Leadership, at its most compelling, is the art of seeing potential where others see decay. In Ibadan, Honourable Ademola Omotoso, Chairman of the Oyo State Housing Corporation, is proving this truth through his bold reclamation of the once-neglected Olubadan Estate opposite Gbagi Market.

The project is as ambitious as it is necessary, reclaiming government-owned land from encroachment and transforming it into a modern residential and commercial hub.

For years, the estate had languished in disorder, its promise swallowed by unauthorised developments and neglect. Omotoso has set out not just to recover the land, but to restore its purpose.

Central to his plan is a world-class shopping mall complex designed to complement Gbagi Market, the city’s traditional centre of trade.

The vision is to blend Ibadan’s famed entrepreneurial heritage with modern commerce, to give traders organised facilities, clean surroundings, and better access, while attracting investors and shoppers from across the South West.

But to Omotoso, the mission is about more than aesthetics or profit. It is about dignity, creating well-planned, inclusive spaces where people can live and work productively.

The estate’s new design combines housing with retail and service areas, complemented by green spaces, efficient drainage, reliable power, and strong security systems. It is a living model of what a 21st-century community can be.

His approach is grounded in inclusion. The development is not reserved for an elite few but open to civil servants, artisans, traders, and professionals alike.

This diversity, Omotoso argues, is what gives a city its soul. Economically, the project promises a cascade of benefits, job creation, increased local revenue, and stimulation of small businesses.

Under Omotoso’s leadership, the Oyo State Housing Corporation has already undergone its own quiet revolution.

Once a dormant agency, it now generates over N1 billion monthly, a result of digital reforms, stricter accountability, and strategic vision.

The success at Ajoda New Town Estate, transformed from bare land into a thriving modern community, stands as proof of what is possible.

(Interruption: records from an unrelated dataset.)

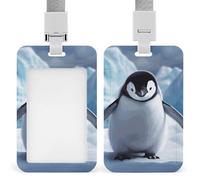 ID Badge Holder Cute Penguins Baby Taking ID Card Holder with Lanyard for Office Passes Credit Cards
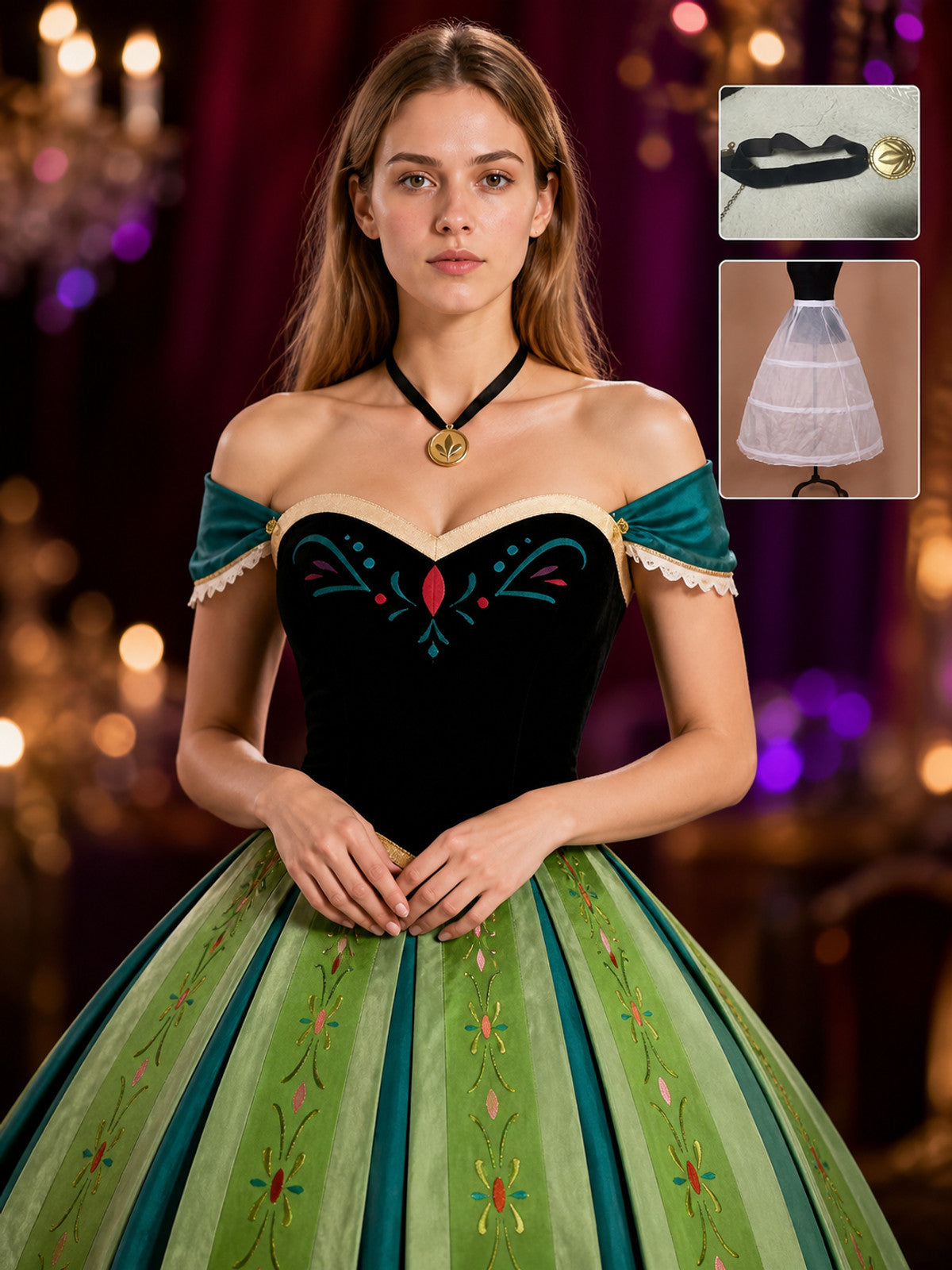 Anna-Themed Princess Costume Dress Set, Embroidered Long Dress With Necklace And on-model view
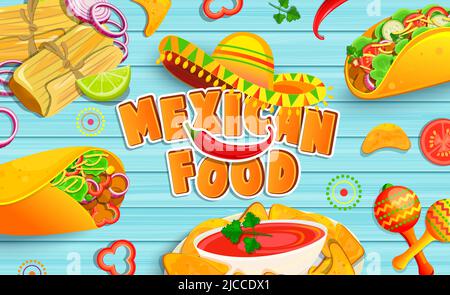 Mexican food banner on wooden background. Stock Vector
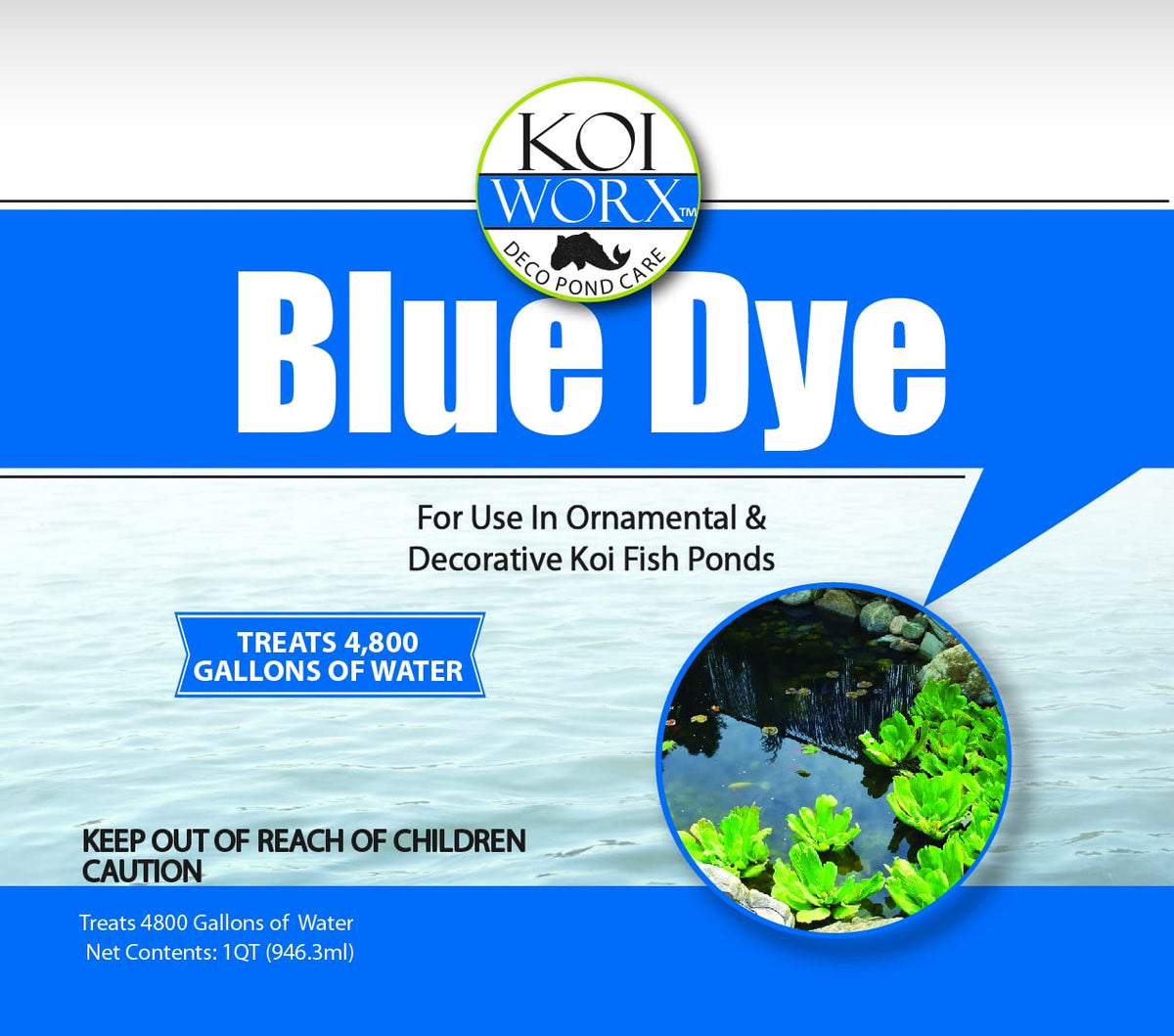 KoiWorx Blue Dye treats about 2,400 gallons, ideal for larger ponds.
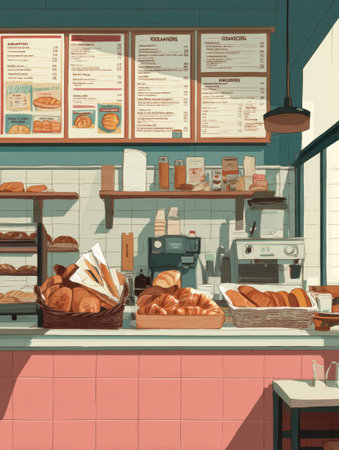 Bakery counter offers an array of fresh bread and croissants, complemented by a menu board displaying delicious options in a charming atmosphere.の素材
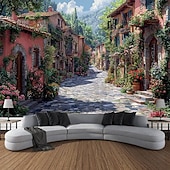 abordables paisaje tapiz-Planta flor casa paisaje colgante tapiz arte de pared gran tapiz mural decoración fotografía telón de fondo manta cortina hogar dormitorio sala de estar decoración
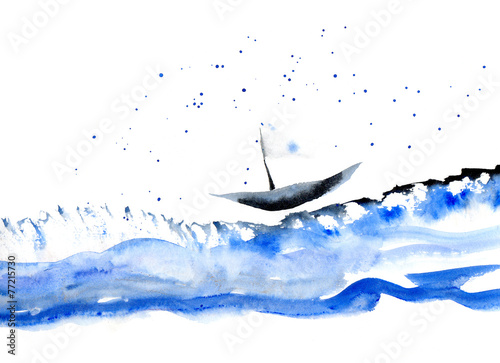 Ship running on the waves. Watercolor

The Olubadan project, however, is his most symbolic challenge yet. Reclaiming it means confronting encroachment, managing costs, and balancing development with environmental responsibility. Yet Omotoso’s calm, measured style suggests he will see it through.

If successful, the new Olubadan Estate will do more than alter Ibadan’s skyline. It will redefine what public leadership can achieve, turning lost ground into living proof that progress is best built on integrity, not intention.